Brief descriptive captions:
▽

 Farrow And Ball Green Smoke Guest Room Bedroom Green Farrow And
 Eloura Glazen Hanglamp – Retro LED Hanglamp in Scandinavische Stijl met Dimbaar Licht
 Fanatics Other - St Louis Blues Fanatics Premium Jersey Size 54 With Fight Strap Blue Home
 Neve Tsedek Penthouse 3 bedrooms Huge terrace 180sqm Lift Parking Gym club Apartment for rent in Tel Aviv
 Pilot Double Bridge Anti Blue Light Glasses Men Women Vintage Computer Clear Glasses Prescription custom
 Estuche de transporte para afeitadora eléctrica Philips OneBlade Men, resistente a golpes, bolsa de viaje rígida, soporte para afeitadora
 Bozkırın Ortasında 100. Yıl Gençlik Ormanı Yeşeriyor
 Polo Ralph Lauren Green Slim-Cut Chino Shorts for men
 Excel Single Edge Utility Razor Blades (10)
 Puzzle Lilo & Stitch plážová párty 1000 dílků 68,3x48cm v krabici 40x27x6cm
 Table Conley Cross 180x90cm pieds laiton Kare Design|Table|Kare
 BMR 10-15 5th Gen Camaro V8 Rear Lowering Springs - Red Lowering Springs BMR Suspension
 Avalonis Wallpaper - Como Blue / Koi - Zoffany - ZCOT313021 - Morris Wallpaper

△

Work to be completed
Each entry given above is to be duplicated exactly.

Exercise solution
 Farrow And Ball Green Smoke Guest Room Bedroom Green Farrow And
 Eloura Glazen Hanglamp – Retro LED Hanglamp in Scandinavische Stijl met Dimbaar Licht
 Fanatics Other - St Louis Blues Fanatics Premium Jersey Size 54 With Fight Strap Blue Home
 Neve Tsedek Penthouse 3 bedrooms Huge terrace 180sqm Lift Parking Gym club Apartment for rent in Tel Aviv
 Pilot Double Bridge Anti Blue Light Glasses Men Women Vintage Computer Clear Glasses Prescription custom
 Estuche de transporte para afeitadora eléctrica Philips OneBlade Men, resistente a golpes, bolsa de viaje rígida, soporte para afeitadora
 Bozkırın Ortasında 100. Yıl Gençlik Ormanı Yeşeriyor
 Polo Ralph Lauren Green Slim-Cut Chino Shorts for men
 Excel Single Edge Utility Razor Blades (10)
 Puzzle Lilo & Stitch plážová párty 1000 dílků 68,3x48cm v krabici 40x27x6cm
 Table Conley Cross 180x90cm pieds laiton Kare Design|Table|Kare
 BMR 10-15 5th Gen Camaro V8 Rear Lowering Springs - Red Lowering Springs BMR Suspension
 Avalonis Wallpaper - Como Blue / Koi - Zoffany - ZCOT313021 - Morris Wallpaper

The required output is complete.